Qui a oublié l’année que les quatre filles du docteur March ont passée sans leur père, parti défendre ses idéaux pendant la guerre de Sécession ? Le livre de Louisa May Alcott était plein de bons sentiments et de combats héroïques pour vaincre l’orgueil, l’esprit d’indépendance, l’égoïsme et la timidité excessive: bref, un très sympathique roman pour enfants. Geraldine Brooks prend l’histoire par l’autre bout et, en respectant l’espace de cette même année, parvient à faire tenir dans son récit des aventures du docteur March tout ce que Louisa May Alcott ne nous disait pas. Comme de juste, rien n’est si simple que nous l’avions cru à l’âge de huit ans.

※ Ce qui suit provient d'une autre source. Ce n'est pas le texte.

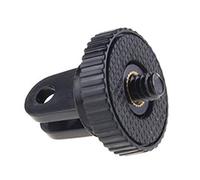 Sungpunet Adaptador de Montaje Adaptador de Montaje héroe Profesional Negro Trípode para GoPro héroe 3 Fácil de Usar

Le docteur March est à l’image du foyer qu’il a créé, plein de bonnes intentions, de nobles convictions et d’idées conventionnelles sur les mœurs, débordant d’une poésie aussi sincère que convenue, et totalement démuni face à la cruauté du monde. Geraldine Brooks lui donne la parole : il écrit à sa petite famille des lettres rassurantes et pleines d’onction, il commente en même temps les évènements beaucoup moins réconfortants auxquels il participe, et il se remémore toute sa vie par la même occasion, ou tout au moins les expériences qui ont contribué à le propulser au milieu d’une guerre civile où il se sent totalement inutile. Il est un peu agaçant, le pauvre homme, avec son lyrisme de pacotille et ses méditations pataudes et didactiques sur John Brown et sur l’abolitionnisme. Mais c’est toute la malice de Geraldine Brooks que de mettre ces maladresses sur le dos du docteur March ; après tout, s’il est pontifiant, ce n’est certes pas de sa faute, à elle.
Ce que raconte March, c’est l’éboulement de toutes ses certitudes, l’écroulement de l’image qu’il avait de lui-même : c’est le naufrage d’un idéaliste. A la guerre, comme il s’en aperçoit rapidement, l’homme ne sert qu’au même titre que les munitions ou le corned-beef. Quand il s’agit ensuite de contribuer à l’émancipation des Noirs nouvellement libres, le pasteur perd ses illusions sur les joies de la liberté et s’avise subitement qu’elle ne nourrit pas son homme. Tous ceux qu’il aide, tous ceux qu’il croit sauver sont avalés par la fournaise du monde en guerre. Il n’est guère porté à l’action immédiate et n’est pas physiquement courageux ; il en conçoit une honte insupportable.
Encore le pauvre March n’entend-il pas ce que nous dit sa femme quand elle prend la parole à son tour pour la seconde partie du livre, alors que lui gît entre la vie et la mort sur un lit d’hôpital. Les seules certitudes qui lui restaient concernaient sa femme, qu’il aime profondément. Tandis qu’elle découvre que son mari a eu un faible prononcé pour une belle esclave vingt ans auparavant, le lecteur constate que cette épouse irréprochable pince le nez en croisant des Noirs et regrette le bien-être matériel que son mari a jeté par-dessus les moulins pour financer l’abolitionnisme à fonds perdus. Pauvre March, qui a fait tout ça, et plus encore, dans l’espoir de séduire, année après année, son dragon d’épouse !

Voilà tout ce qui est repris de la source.